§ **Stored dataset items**
▶
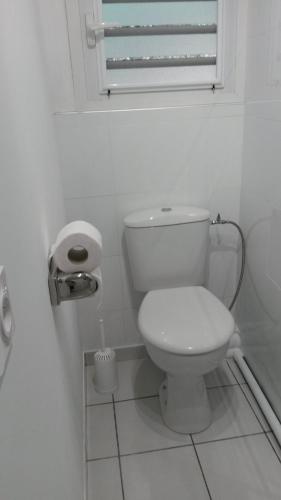 a white bathroom with a toilet and a window at Le Rêve Bleu in Dumbéa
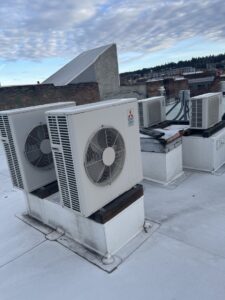 Multiple outdoor mini-split condenser units installed on a rooftop, serviced by Hvaclife in Minneapolis, MN.
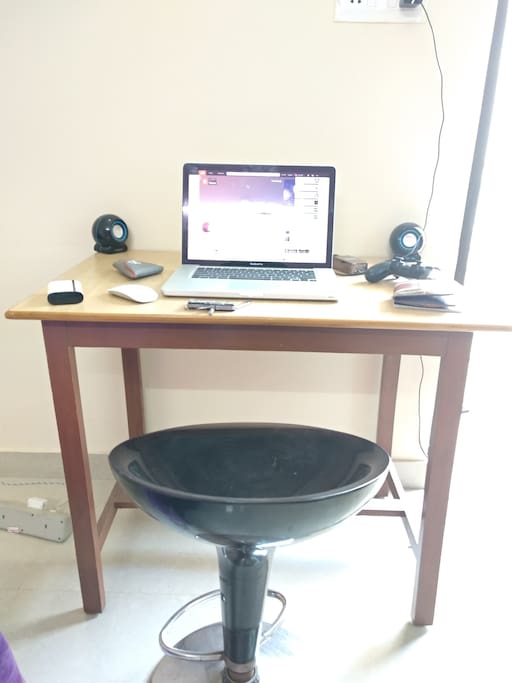 a work station in case one is on a business trip or is just a stubborn workaholic.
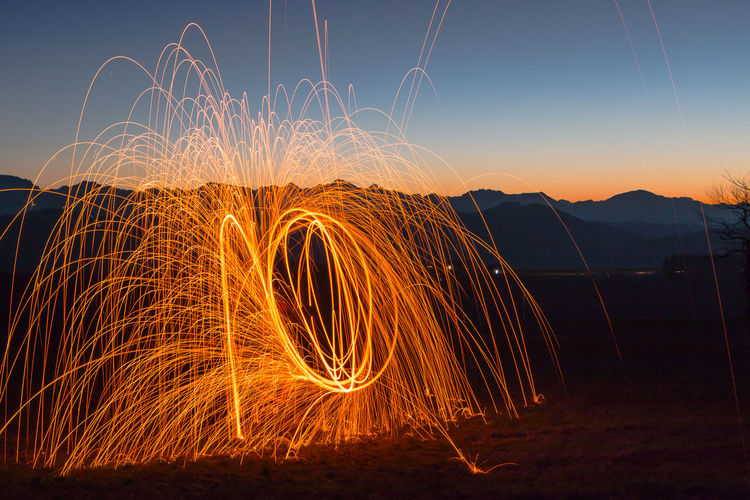 Light painting with fire against sky at night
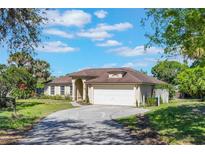 Charming single-story home with a well-manicured lawn, inviting curb appeal, and an attached two-car garage at 1306 Pleasantridge Pl, Orlando, FL 32835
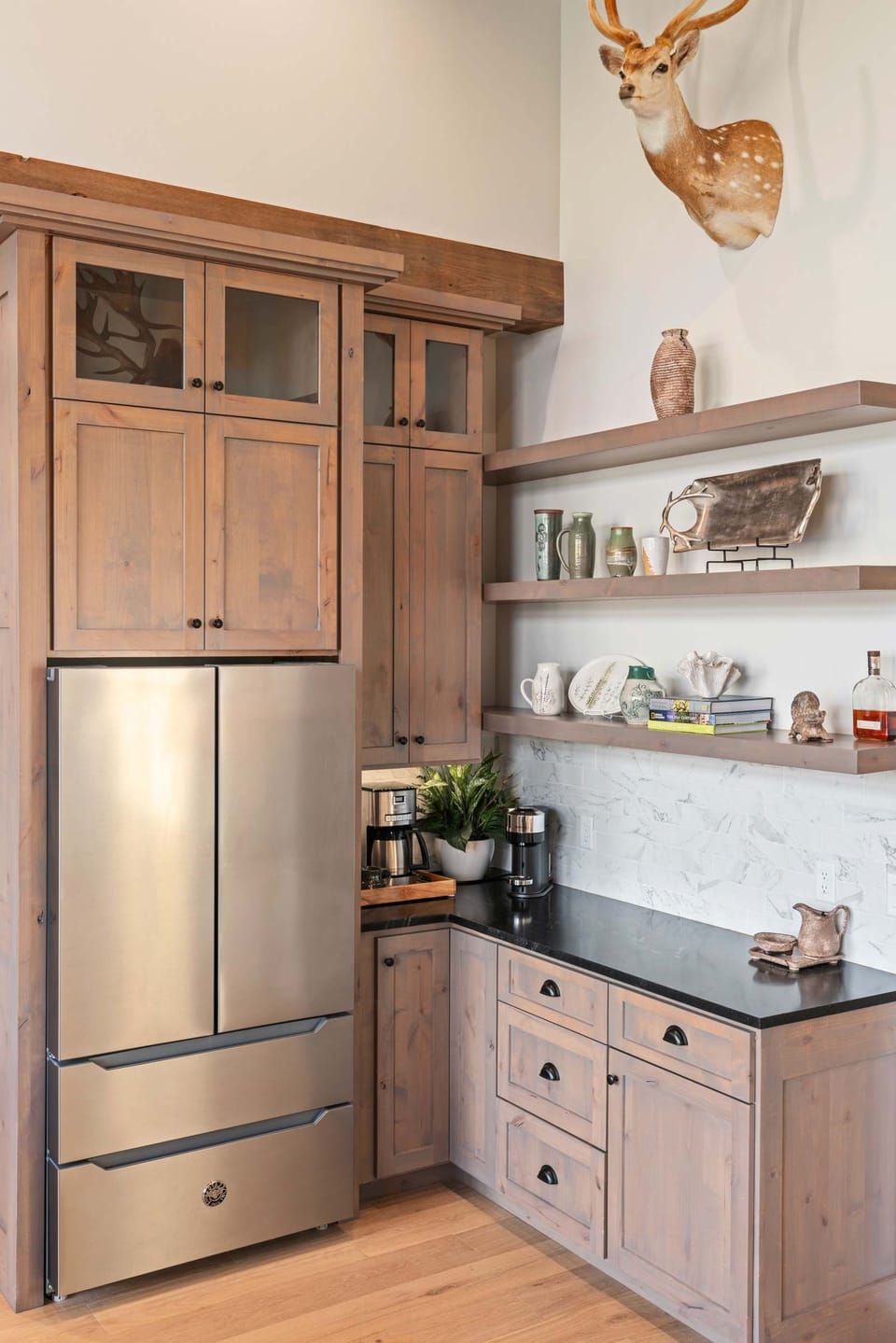 Tall ceilings, and antlers, can be found throughout the home.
◀
§ **EXERCISE DESCRIPTION**
Above are the records; repeat their lines from the first through the line containing "Multiple outdoor mini-split", and leave out each picture.

§ **YOUR RESPONSE**
 a white bathroom with a toilet and a window at Le Rêve Bleu in Dumbéa
 Multiple outdoor mini-split condenser units installed on a rooftop, serviced by Hvaclife in Minneapolis, MN.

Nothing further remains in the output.